As a Jew and a Mormon, we know only too well the horrible consequences of such demonization of the religious other. We must remember that there were Muslims in this land even before we became a country. We must remember the indigenous religions of this country: those of the native Americans and that of the Church of Jesus Christ of the Latter Day Saints. Judaism, Christianity, and Islam all share the notion that we stem from common ancestors: Adam and Eve. We are one great family of American citizens, no matter what religion, what God we worship, or how we worship.
As we think of our common ancestry, virtually all of us, no matter whom we voted for, can relate to the ideal that we are a “nation of immigrants.” Whether ourselves, our parents, our grand-parents or perhaps further back in history almost all of us have immigrant pasts. This country was made great by the labor and imaginations of immigrants. We must embrace the immigrant, most especially the refugee population, whether we want to keep stronger together or make America great again.
We literally are sickened by the poor state of healthcare and the crisis of gun violence. We call for a continued reform of our insurance practices so that even more Americans can have access to healthcare. We call for a renovation of our medical practices, putting patient care and financial efficiency before profits. And we call for a sensible gun regulation policy that respects the Second Amendment of our constitution while ending the scourge of gun violence.
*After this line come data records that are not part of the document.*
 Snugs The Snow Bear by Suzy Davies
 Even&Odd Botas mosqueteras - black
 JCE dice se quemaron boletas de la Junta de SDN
We share common hopes for our nation, and for our children and grandchildren. We invite everyone to work for one America. There is a way forward. It is not the path of partisan politics. Nor can it be the path of winner takes all. Rather, it is the straight path which begins with personal righteousness, justice, and equity. The biblical precept of love serves as a good touchstone to judge our actions. If we could but do for our neighbors as we wish for ourselves, we can be “one nation under God indivisible with liberty and justice for all.”